In his statement to the Star, Daniels said that he is “deeply concerned” about the future of the country and believes the nation faces fundamental questions.
"I am deeply concerned, for the first time in my life, about the future of our Republic,” said Daniels. “In the next few years Americans will decide two basic sets of questions: Who's in charge here? Should the public sector protect and promote the private sector or dominate and direct it? Does the government work for the people or vice versa?
"And, are we Americans still the kind of people who can successfully govern ourselves, discipline ourselves financially, put the future and our children's interests ahead of the present and our own?” Daniels asked.
Recent news stories had focused on Daniels’ family history.
In 1993, as the Indianapolis Star reported it, Daniels wife, Cheri, filed for divorce after 15 years of marriage.

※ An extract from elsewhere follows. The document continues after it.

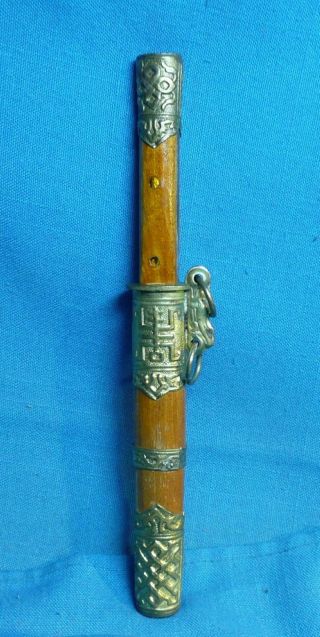 Vintage Oriental Full Tang Tanto Dagger 2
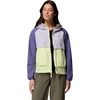 image:imageColumbia Spire Valley WindbreakerCitron HazeLavender PearlStormwatch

The couple at that time had four daughters who ranged in age from 8 to 14. Mrs. Daniels married another man, who lived in California. Four years later, after that marriage had ended, she remarried Daniels.
The Star reported on Sunday that Daniels had also provided the paper with a short statement about his divorce and remarriage.
"It is important to correct some factually incorrect accounts about the time when our family was divided," said this statement. "When Cheri and I parted, the court agreed with my view that our daughters’ best interests would be served by their staying in Indiana. Cheri and I were granted joint custody. Within a short time, she purchased a residence just a few minutes from our house. Until we remarried, we shared custody fully, the girls dividing their time between the two homes.
"The notion that Cheri ever did or would 'abandon' her girls or parental duty is the reverse of the truth and absurd to anyone who knows her, as I do, to be the best mother any daughter ever had," said the statement.
In a June 14, 2010 article in the Weekly Standard, Daniels told writer Andrew Ferguson that whoever the next president was “would have to call a truce on the so-called social issues. We’re going to just have to agree to get along for a little while.”
In the same article, Daniels said his wife was “anti-political” and that he never asked her to do anything in politics that she did not want to do.
“Right from the start she told me, ‘I don’t do the whole politician’s spouse thing,’” Daniels told Ferguson. “She’s not apolitical. She’s not unpolitical. She’s antipolitical. I told her I would never ask her to do anything she didn’t want to do. And I haven’t. And she hasn’t.”